*YOUR GOAL:* Leaving out the images, repeat all the lines below exactly.

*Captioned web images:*
.....

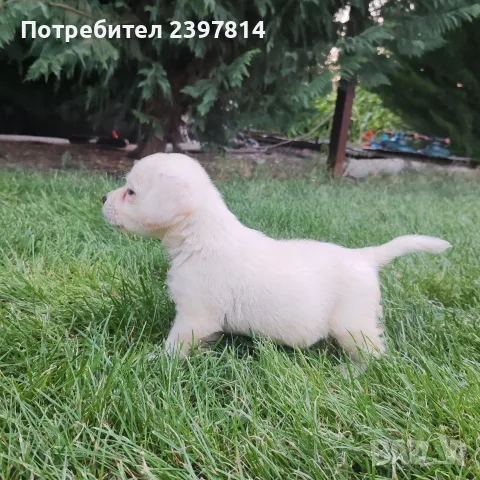 Лабрадор ретривър , снимка 3 - Лабрадор ретривър - 55743243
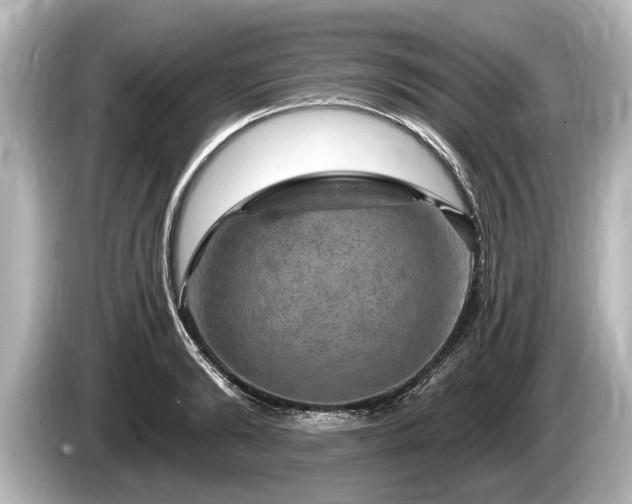 X0000085300894200703161432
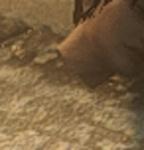 post-398004-0-66650800-1456724671_thumb.jpg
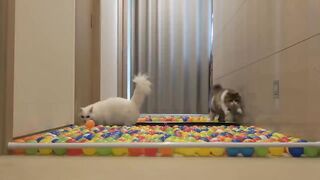 Ballpool Obstacle Course Challenge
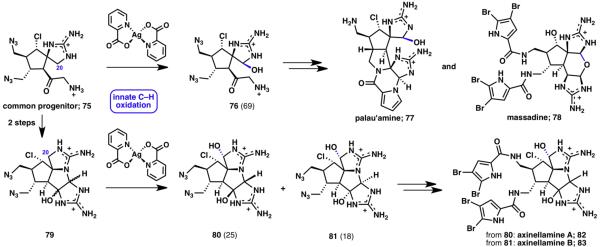 Scheme 16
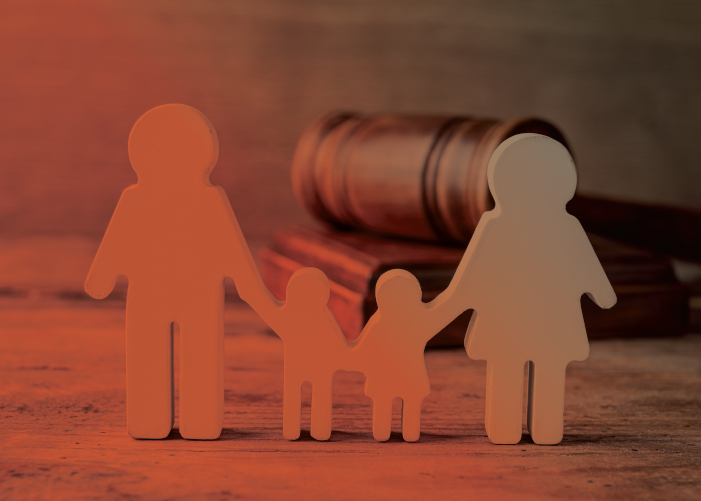 Diplomatura en Derecho Procesal de Familia (2.° edición)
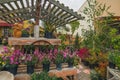 Different types of trees, shrubs and flowers, flower pots, and decor for garden and outdoor patios in local nursery, Orcutt, Cali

.....

*RESPONSE BOX:*
 Лабрадор ретривър , снимка 3 - Лабрадор ретривър - 55743243
 X0000085300894200703161432
 post-398004-0-66650800-1456724671_thumb.jpg
 Ballpool Obstacle Course Challenge
 Scheme 16
 Diplomatura en Derecho Procesal de Familia (2.° edición)
 Different types of trees, shrubs and flowers, flower pots, and decor for garden and outdoor patios in local nursery, Orcutt, Cali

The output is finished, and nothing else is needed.